We may not assume that merely because there are certain recognized differences between an oil or mineral lease and an ordinary usufructuary lease, the statutes applicable to reclamation districts did not contemplate the right of the trustees to execute an oil and gas lease of its real property. We are of the opinion the statute authorized the trustees, in the exercise of a sound discretion, to “sell, convey, transfer, lease to others or otherwise dispose of such real or personal property belonging to the said district,” Sec. 3454, Pol.Code, for the benefit of the district.

Nor may we hold that portion of Section 3480 of the Political Code, previously quoted, absolutely requires the trustees to immediately sell the lands acquired by purchase for delinquent assessments “at public auction to the highest bidder for cash.” That section should be construed together with the provisions of Section 3454, supra. Otherwise it might destroy the effect of the last mentioned section, and result in great detriment and loss to the district and to the bondholders, impairing the obligations of the contracts. Immediate sale of such real property to the highest bidder for cash might greatly reduce the value of the bonds. We think the statute wisely confers upon the trustees a sound discretion to determine when such sales may be made for the best interests of the district and its bondholders, and that, in the meantime, the trustees may manage and control the property by operation or use thereof or by leasing it whichever may reasonably be deemed to benefit the district and the bondholders. With respect to authorizing, under Section 3466a of the Political Code, the trustees to manage and control the real property, it is said in Bank of Hawaii v. Gibson, 15 Cal.App.2d 407, at page 420, 59 P.2d 559 at page 565:

“Section 3466a of the Political Code places all lands purchased by the treasurer, as trustee, under the ‘management and control’ of the trustees. When they lease the lands, out of the funds derived therefrom, they must first pay the expenses of ‘holding and leasing’ it. In determining what expenditures are essential to the ‘management’ and to the ‘control’ of these lands, and are incident to ‘holding’ them, some latitude must be allowed to the judgment and discretion of the trustees.”
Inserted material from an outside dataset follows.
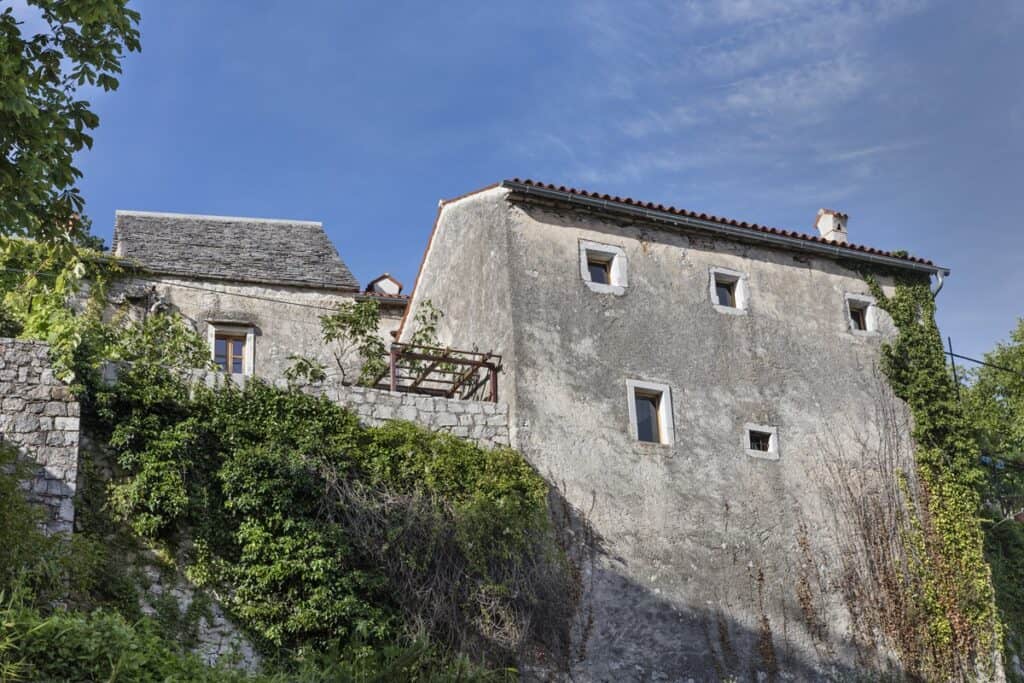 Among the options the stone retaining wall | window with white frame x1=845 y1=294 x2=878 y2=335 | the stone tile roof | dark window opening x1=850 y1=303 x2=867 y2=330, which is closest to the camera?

The intervener suggests that the execution of a lease on said lands creates an encumbrance in conflict with the provisions of Section 3480 which require the treasurer upon sale to execute a deed thereof to a purchaser of said land, “free and clear of all encumbrances.” Section 3466a of the Political Code, which was enacted in 1931, Stats.1931, p. 773, and amended in 1935, Stats.1935, p. 2094, provides in part that:

“Upon such last mentioned sale being made as herein provided the said county treasurer shall execute a deed to the purchaser conveying the land sold, upon payment of the price bid, which deed shall have the effect of conveying title to the land sold to the purchaser free of encumbrance, except district assessments * * * which upon the date of the sale herein provided had not been called, and except as may be otherwise provided by law, * * *.”

We are of the opinion the authorization for the trustees to lease the property, Sec. 3454, Pol.Code, constitutes an exception “otherwise provided by law.” The express and implied authority conferring upon the trustees the power to manage and control the property necessarily comes within the exception “otherwise provided by law.” It is apparently inconsistent to construe the statutes so as to first authorize the leasing of land, and to then require the land to be conveyed upon sale “free and clear of all encumbrances” of a lease. Moreover, even though a purchaser of the land might complain of the encumbrance of a lease, we do not see how the bondholders may raise that question unless the encumbrance automatically impairs the obligations of their contracts.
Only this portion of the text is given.